** DATA PROVIDED **
--*--
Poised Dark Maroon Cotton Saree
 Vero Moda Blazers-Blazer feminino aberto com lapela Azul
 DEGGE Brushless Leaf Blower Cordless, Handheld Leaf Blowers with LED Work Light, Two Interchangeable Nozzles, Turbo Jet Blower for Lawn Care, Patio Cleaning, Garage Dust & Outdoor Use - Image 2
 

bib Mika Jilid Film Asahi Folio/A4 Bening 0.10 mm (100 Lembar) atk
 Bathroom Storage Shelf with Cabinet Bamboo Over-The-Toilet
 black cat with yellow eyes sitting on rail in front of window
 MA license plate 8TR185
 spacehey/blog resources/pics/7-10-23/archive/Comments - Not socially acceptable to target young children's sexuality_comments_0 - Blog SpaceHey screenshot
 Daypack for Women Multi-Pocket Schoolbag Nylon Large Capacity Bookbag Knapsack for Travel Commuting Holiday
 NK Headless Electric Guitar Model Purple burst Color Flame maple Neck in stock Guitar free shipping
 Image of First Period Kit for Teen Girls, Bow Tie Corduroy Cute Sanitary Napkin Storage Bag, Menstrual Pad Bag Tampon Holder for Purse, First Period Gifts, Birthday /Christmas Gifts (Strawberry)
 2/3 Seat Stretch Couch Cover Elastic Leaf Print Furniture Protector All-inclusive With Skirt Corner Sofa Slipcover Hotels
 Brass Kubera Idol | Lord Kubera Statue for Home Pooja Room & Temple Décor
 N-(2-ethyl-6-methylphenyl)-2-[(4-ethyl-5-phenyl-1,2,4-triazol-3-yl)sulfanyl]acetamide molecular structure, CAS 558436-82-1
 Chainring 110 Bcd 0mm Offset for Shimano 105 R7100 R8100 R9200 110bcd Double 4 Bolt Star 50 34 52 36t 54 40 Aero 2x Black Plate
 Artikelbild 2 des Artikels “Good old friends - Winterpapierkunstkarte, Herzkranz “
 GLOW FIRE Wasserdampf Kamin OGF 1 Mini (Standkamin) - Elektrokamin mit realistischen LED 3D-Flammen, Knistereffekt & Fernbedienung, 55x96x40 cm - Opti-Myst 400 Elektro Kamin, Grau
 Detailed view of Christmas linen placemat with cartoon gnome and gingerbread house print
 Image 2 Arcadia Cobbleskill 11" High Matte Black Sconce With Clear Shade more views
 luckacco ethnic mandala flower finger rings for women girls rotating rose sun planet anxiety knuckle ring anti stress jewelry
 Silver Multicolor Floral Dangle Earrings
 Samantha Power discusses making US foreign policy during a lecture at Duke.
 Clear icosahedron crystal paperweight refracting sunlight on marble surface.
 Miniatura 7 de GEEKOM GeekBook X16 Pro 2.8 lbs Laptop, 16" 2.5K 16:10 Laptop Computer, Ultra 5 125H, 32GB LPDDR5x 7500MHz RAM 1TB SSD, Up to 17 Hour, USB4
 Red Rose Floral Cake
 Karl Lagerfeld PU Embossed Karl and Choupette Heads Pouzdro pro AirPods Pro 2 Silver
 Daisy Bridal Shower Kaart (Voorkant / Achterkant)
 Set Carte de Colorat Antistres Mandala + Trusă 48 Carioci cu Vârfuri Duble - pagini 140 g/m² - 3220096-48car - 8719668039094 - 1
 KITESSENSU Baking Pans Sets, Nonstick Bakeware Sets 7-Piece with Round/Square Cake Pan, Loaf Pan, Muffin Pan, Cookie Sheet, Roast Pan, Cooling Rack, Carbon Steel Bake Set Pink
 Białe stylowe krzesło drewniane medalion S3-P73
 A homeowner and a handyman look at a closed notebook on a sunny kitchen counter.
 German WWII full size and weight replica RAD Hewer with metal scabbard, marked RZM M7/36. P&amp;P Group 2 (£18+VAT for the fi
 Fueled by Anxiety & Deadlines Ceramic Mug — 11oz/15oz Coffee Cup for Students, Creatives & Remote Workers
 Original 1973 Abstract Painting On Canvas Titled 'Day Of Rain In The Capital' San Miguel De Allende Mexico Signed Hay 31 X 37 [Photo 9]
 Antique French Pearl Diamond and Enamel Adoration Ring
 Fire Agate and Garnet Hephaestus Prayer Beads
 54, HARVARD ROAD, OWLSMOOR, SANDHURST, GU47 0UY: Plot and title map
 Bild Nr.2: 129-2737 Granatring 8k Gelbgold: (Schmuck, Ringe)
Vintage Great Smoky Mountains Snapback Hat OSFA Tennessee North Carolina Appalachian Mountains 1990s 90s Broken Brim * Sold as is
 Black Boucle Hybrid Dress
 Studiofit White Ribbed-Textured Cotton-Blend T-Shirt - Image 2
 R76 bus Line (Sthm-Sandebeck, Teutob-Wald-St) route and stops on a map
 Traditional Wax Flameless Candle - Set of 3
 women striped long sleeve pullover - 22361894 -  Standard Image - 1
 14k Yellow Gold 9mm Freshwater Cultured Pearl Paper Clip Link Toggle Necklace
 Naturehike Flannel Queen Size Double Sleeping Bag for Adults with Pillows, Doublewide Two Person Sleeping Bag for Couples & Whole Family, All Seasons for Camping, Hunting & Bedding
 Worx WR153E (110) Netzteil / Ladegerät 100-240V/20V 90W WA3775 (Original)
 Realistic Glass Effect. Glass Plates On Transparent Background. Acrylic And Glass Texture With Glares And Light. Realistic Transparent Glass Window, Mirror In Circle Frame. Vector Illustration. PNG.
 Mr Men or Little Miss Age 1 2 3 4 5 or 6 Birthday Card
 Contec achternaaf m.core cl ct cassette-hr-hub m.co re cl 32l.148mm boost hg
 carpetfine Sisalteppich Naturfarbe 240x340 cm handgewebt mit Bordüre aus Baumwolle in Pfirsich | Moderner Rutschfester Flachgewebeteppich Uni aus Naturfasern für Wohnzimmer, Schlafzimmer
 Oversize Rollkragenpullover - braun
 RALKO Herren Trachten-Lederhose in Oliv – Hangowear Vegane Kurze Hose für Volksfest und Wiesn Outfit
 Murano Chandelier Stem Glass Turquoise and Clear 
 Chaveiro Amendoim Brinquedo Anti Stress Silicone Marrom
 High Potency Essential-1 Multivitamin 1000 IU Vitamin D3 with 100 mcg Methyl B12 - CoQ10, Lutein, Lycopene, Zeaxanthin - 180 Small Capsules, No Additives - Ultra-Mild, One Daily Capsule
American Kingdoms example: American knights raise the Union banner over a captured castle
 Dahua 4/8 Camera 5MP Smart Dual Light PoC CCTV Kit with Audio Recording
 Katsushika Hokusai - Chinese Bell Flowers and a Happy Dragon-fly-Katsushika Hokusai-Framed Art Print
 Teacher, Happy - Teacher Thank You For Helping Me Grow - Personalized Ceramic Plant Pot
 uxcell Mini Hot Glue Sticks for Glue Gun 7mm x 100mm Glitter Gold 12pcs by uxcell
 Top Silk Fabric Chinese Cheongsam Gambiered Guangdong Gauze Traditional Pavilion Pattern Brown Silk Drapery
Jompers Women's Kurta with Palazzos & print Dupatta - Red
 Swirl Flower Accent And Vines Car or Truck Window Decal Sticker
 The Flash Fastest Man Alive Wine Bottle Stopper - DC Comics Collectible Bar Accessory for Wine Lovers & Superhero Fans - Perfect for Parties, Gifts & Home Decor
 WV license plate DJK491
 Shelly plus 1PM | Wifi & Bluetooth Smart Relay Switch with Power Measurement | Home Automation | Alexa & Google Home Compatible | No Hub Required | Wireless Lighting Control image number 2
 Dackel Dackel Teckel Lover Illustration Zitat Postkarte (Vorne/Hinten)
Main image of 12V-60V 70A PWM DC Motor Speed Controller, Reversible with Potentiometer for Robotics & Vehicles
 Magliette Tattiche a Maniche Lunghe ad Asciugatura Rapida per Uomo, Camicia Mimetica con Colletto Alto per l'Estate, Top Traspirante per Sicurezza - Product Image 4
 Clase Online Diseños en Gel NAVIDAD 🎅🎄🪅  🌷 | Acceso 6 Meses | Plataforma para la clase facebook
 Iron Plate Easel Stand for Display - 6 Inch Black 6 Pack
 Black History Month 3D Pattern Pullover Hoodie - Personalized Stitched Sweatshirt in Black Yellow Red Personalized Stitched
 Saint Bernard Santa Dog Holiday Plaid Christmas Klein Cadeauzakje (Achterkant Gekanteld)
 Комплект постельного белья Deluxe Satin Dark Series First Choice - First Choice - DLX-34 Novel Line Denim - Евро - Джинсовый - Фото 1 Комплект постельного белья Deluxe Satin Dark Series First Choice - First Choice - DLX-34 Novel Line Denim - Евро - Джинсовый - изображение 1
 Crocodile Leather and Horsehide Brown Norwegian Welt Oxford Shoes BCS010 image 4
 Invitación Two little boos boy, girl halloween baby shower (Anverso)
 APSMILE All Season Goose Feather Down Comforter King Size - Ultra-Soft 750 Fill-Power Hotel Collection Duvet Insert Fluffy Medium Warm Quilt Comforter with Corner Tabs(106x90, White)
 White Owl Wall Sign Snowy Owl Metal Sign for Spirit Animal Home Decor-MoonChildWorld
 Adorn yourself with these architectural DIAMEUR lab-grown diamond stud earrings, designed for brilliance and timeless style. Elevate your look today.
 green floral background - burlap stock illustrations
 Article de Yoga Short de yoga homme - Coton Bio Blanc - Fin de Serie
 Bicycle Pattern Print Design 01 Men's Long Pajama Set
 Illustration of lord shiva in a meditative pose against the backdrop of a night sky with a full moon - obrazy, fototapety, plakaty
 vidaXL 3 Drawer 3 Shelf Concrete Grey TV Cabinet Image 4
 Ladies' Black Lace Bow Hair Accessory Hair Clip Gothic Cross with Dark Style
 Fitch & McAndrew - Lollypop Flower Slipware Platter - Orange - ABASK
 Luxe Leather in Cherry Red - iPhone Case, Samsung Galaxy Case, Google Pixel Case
--*--
** TASK REQUIREMENTS **
Send back an exact copy of only the lines from the line with "Dahua 4/8 Camera" up to and including the line with "Teacher, Happy - Teacher" in the data above.

** EXERCISE RESPONSE **
 Dahua 4/8 Camera 5MP Smart Dual Light PoC CCTV Kit with Audio Recording
 Katsushika Hokusai - Chinese Bell Flowers and a Happy Dragon-fly-Katsushika Hokusai-Framed Art Print
 Teacher, Happy - Teacher Thank You For Helping Me Grow - Personalized Ceramic Plant Pot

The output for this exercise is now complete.